More damaging is the brand-new plot thread of Dan's son Will (Logan Lerman), one of those movie brats who hates his dad for being a sad-sack failure instead of a wealthy success. The relationship between father and son is hardly more complicated than, say, the loathsome scenes in A Night At The Museum where Ben Stiller is forced to cringe with depression because his dipshit kid is sad that daddy doesn't make enough money. This imposition of a bizarre new Hollywood trend -- characters striving to achieve solely to impress their kid(s) -- on an incongruous genre isn't just annoying, but forces major readjustments to the plot that drag it into the groaningly implausible. Mangold throws the whole film away at what should be its crowning glory -- the inevitable stand-off between Dan and the entire gang -- through a series of twists grounded in nothing that's come before. A key psychological shift has to be made at the end in Wade and Evans' relationship; it works in the original, but the kid completely derails psychological plausibility here. Maybe Mangold got confused and thought he was remaking Shane.
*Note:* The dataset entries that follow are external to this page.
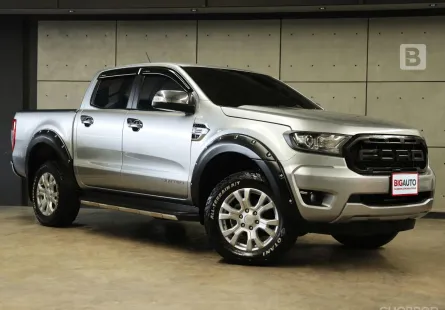 2019 Ford RANGER 2.0 DOUBLE CAB Hi-Rider Limited AT ไมล์แท้ รถมือเเรกจากป้ายเเดง P5024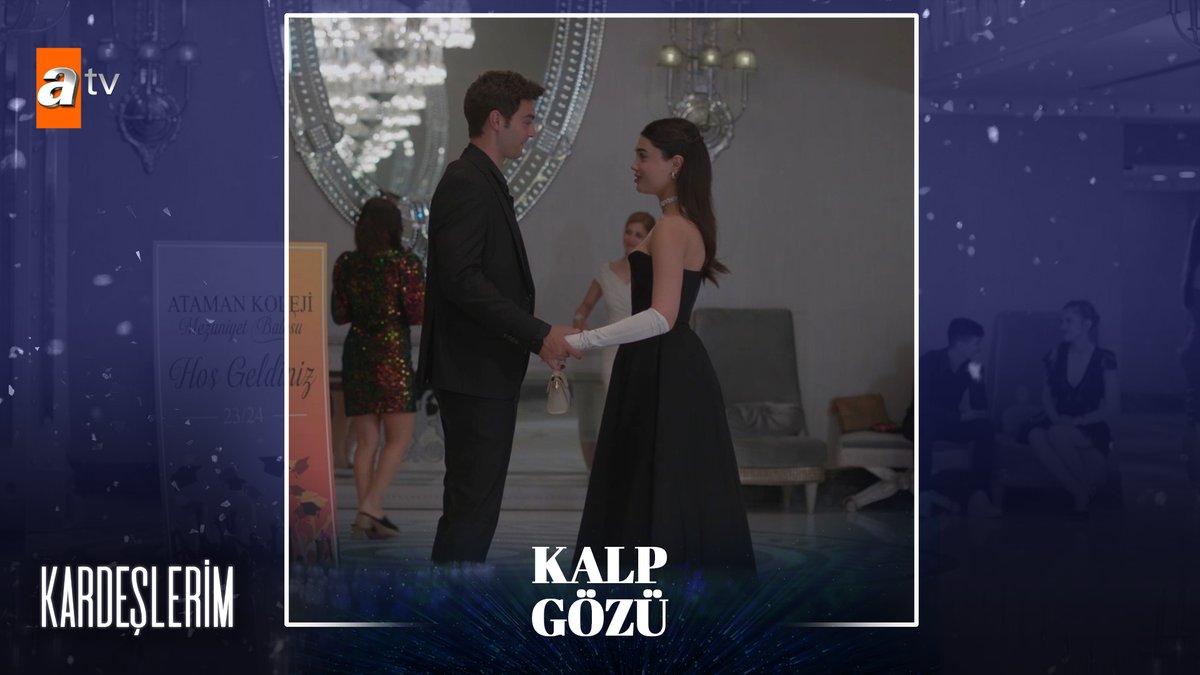 “Gerçek olamayacak kadar güzel bir rüya görüyorum.” #Kardeşlerim atv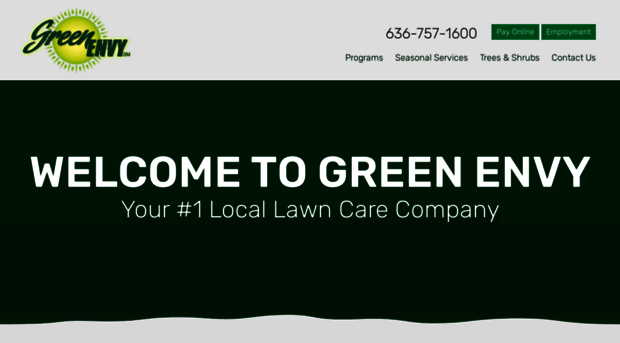 greenenvylawns.com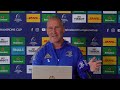 Stuart Lancaster press conference | Connacht v Leinster | Champions Cup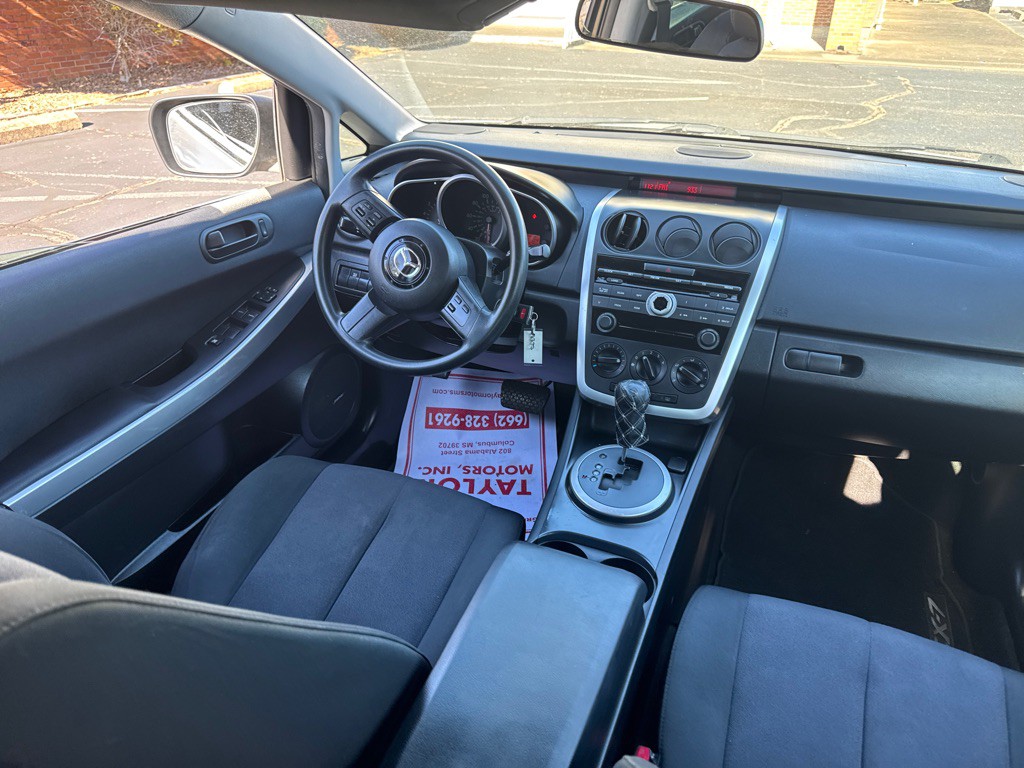2008 Mazda CX-7 Image 18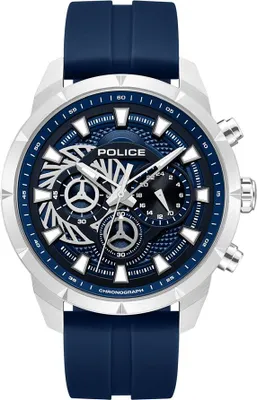 Produktbild von Uhr Polizei Männer Blau Polizei-PEWGQ0092702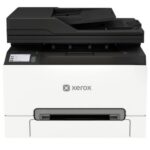 Xerox® C303a Multifunktionsdrucker – Vorderansicht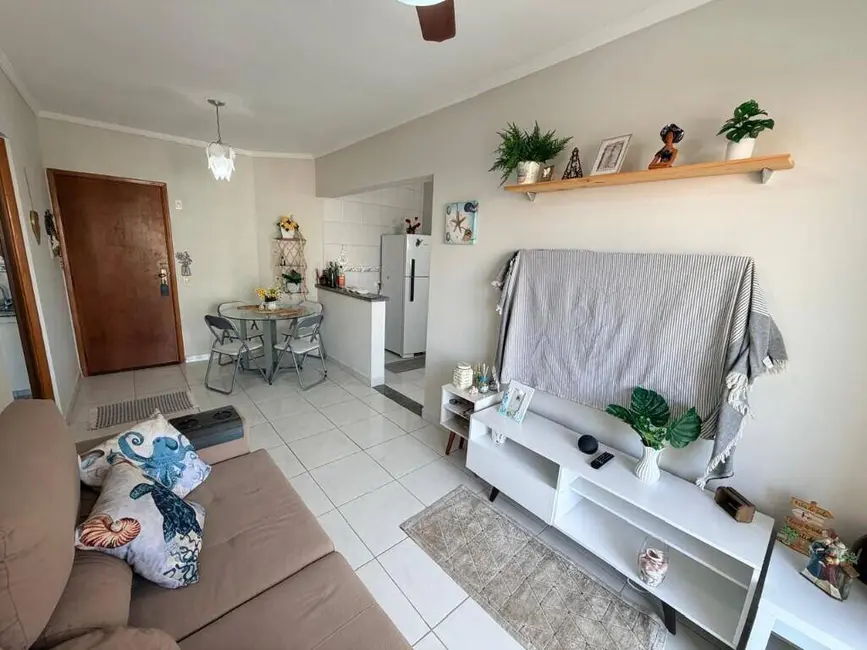 Foto 7 de Apartamento com 1 quarto à venda em Tupi, Praia Grande - SP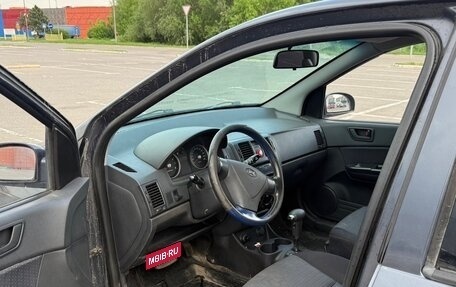 Hyundai Getz I рестайлинг, 2008 год, 410 000 рублей, 6 фотография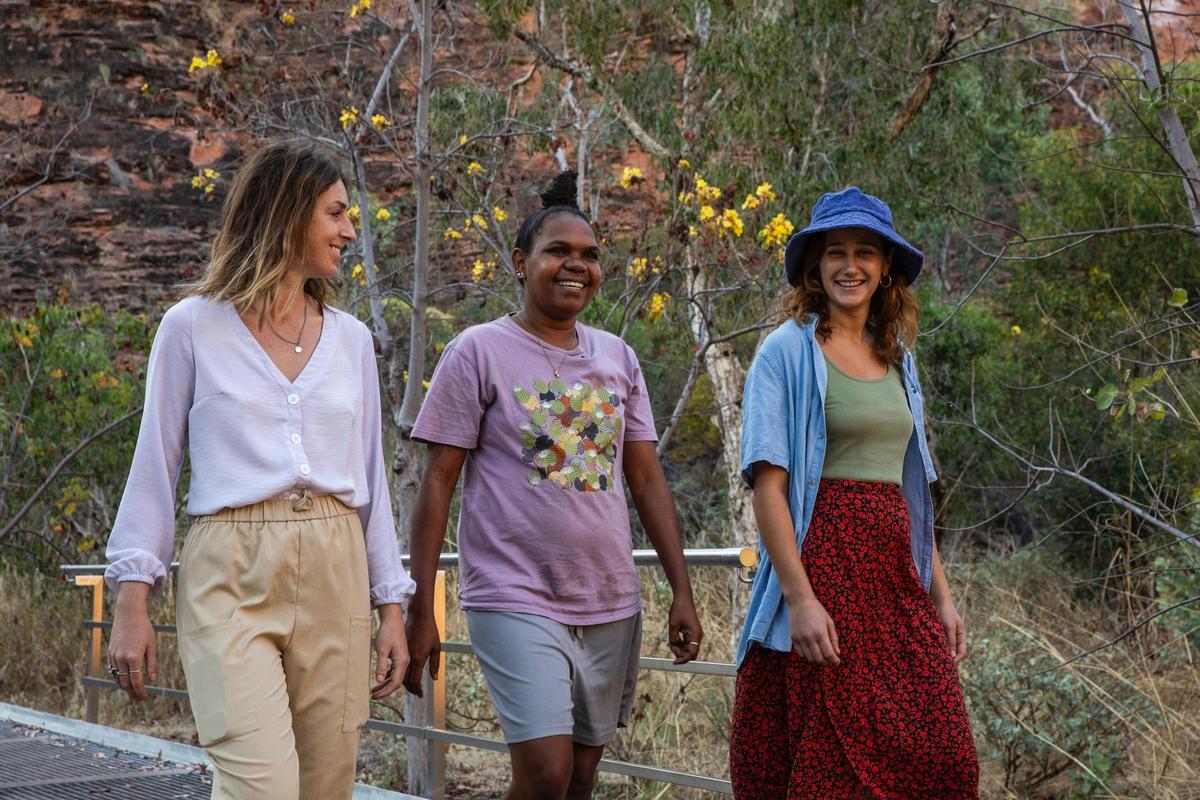 Mirima National Park Walk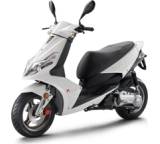 Motorroller im Test: XOR 50 / 125 von Generic, Testberichte.de-Note: ohne Endnote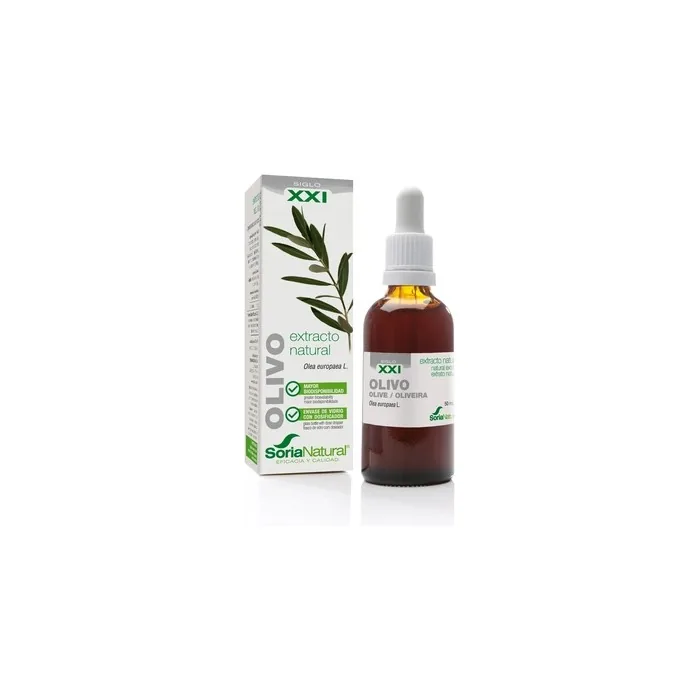Soria Soria Olive Extract S Xxi 50ml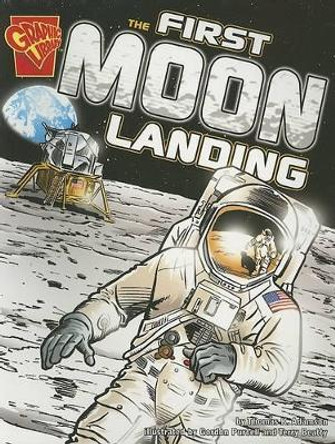 First Moon Landing ,Thomas,K. Adamson 9780736896542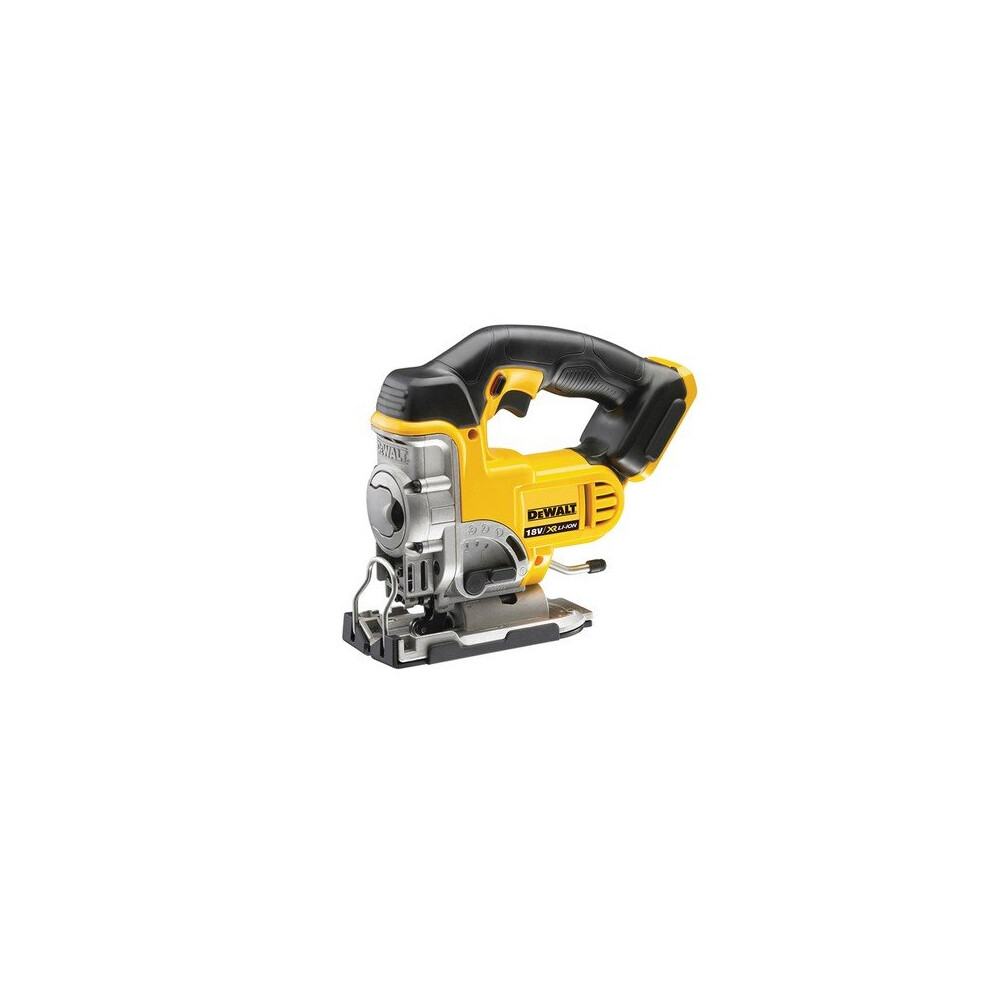 DeWalt DCS331N 18 Volt XR Li-ion Jigsaw Orbital Action Body Only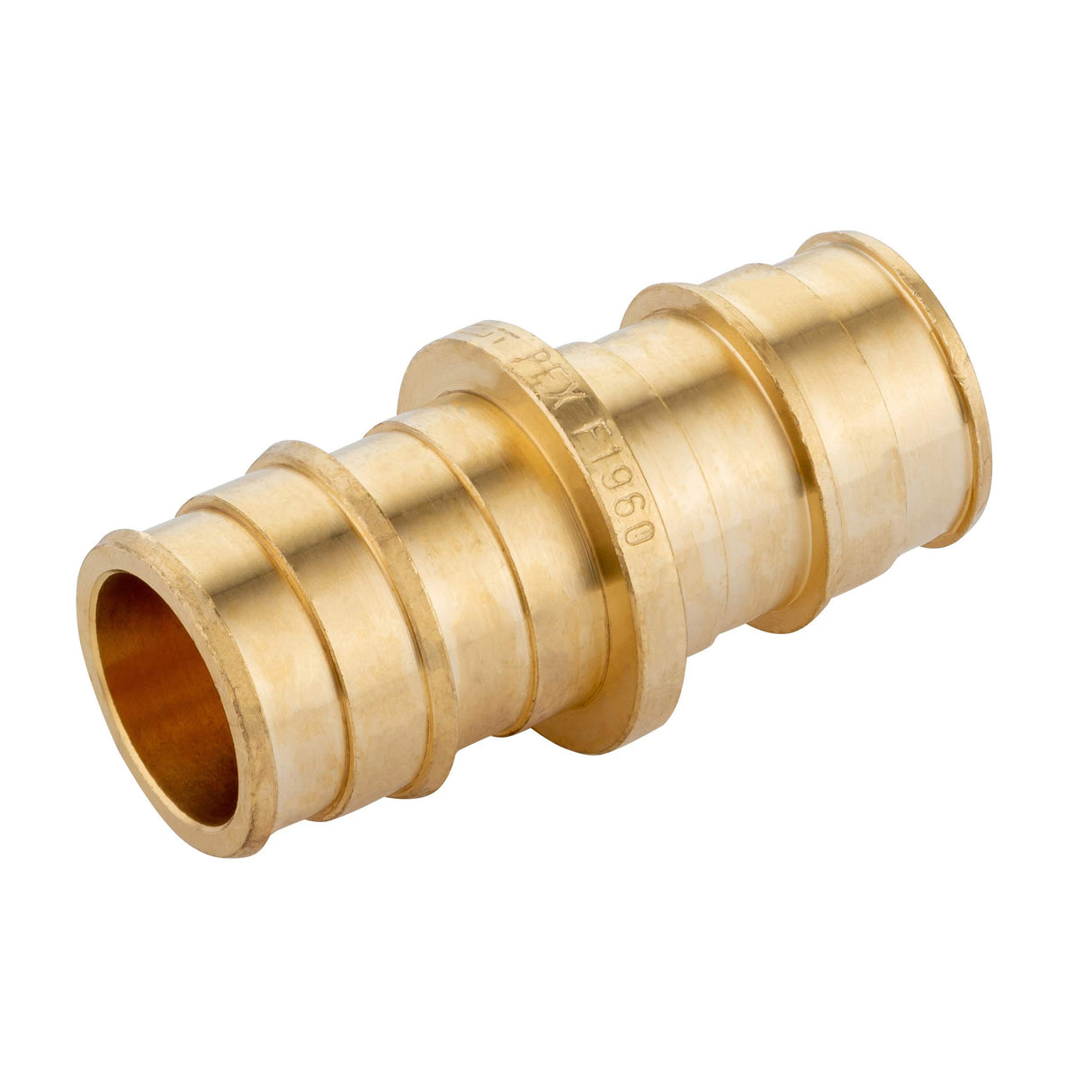 EFIELD 1/2-inch 2 x100 ft Pex-A Tubing/Pipe (All in One) Red & Blue 200 ft, 30 PCS 1/2" Brass Expansion pex Fittings- Elbow Tee Coupler (30 PCS), 1/2' Expansion Rings (100 Pcs), Pipe Cutter (1/2-inch) EFIELD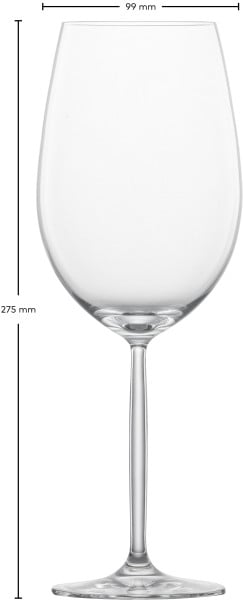 Schott Zwiesel Bordeaux Rotweinglas Muse Zeitlich begrenztes Angebot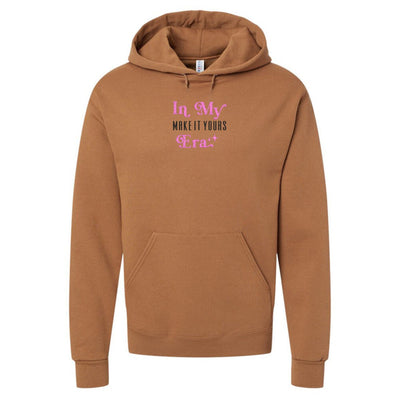 Make It Yours™ 'In My ___ Era' Hoodie - United Monograms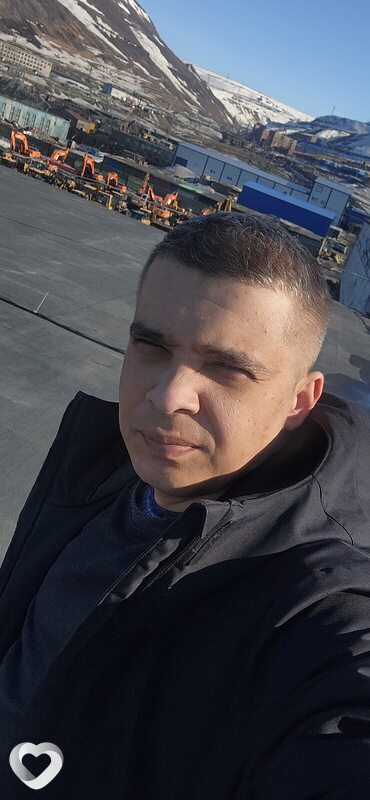 Андрей, 40, Норильске — анкета №2140142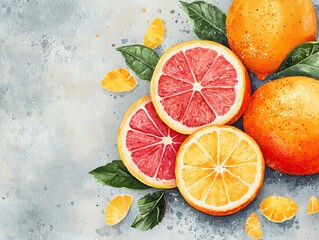 Exotic juicy vegetables with bold spices and flavors, Juicy food, vegetables exotic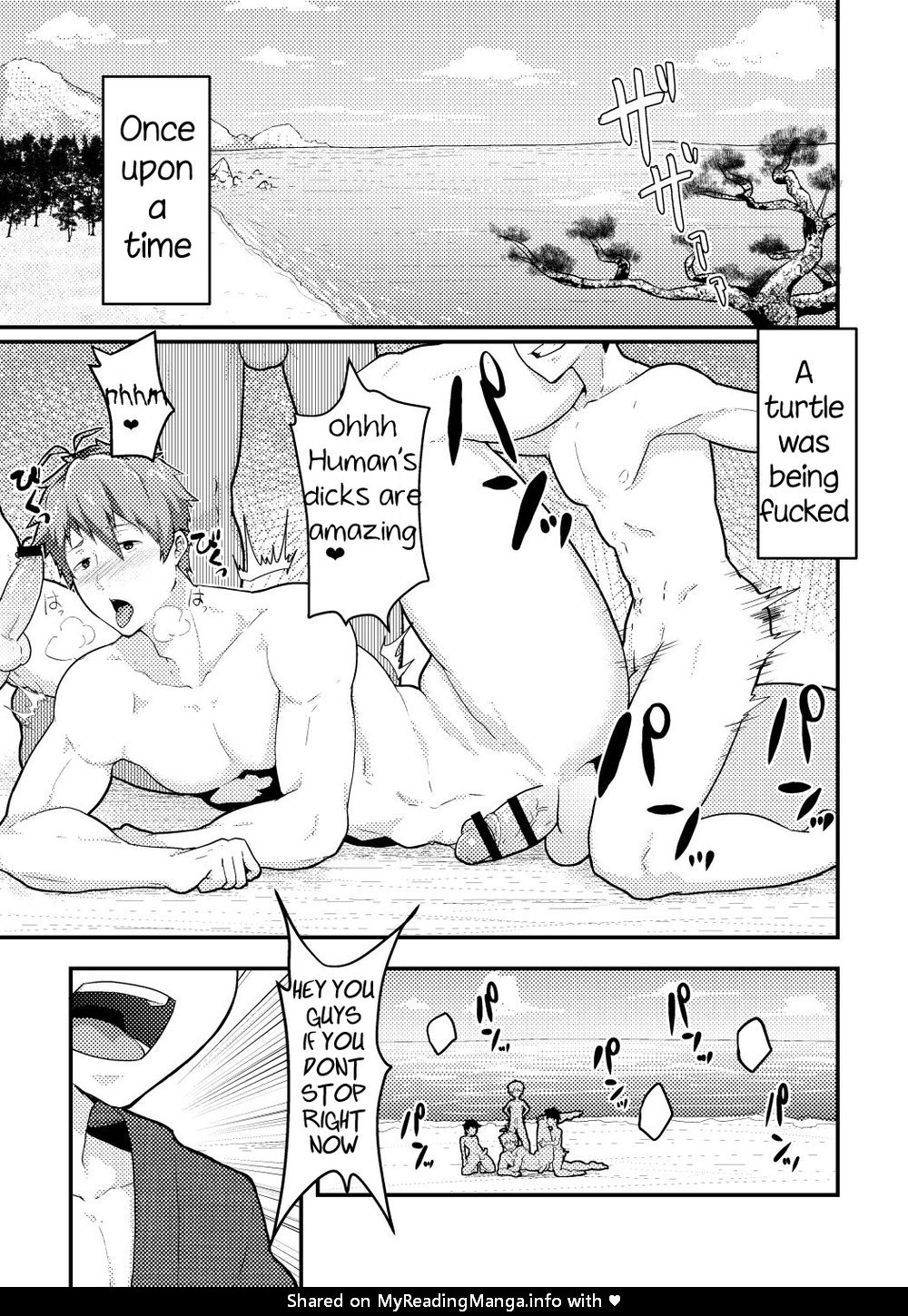 Urashimatarou page 3 full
Other grafted-on elements weaken the movie further -- wife Alice (Gretchen Mol) chastises Dan, complaining, "We're supposed to make decisions together," as if the equal-power couple were a 19th-century norm, along with a fair amount of ignorable but unnecessary Biblical subtext. But admirably crisp Peckinpah repartee powers most of the movie. Between its maudlin father-vs.-son opening and poorly judged ending, Mangold manages the substantial task of updating the Western without slavishly sticking to outdated modes: It's a well-done action movie in a Western setting, not an archetype retrospective. Worse revisitations of venerable institutions have been made.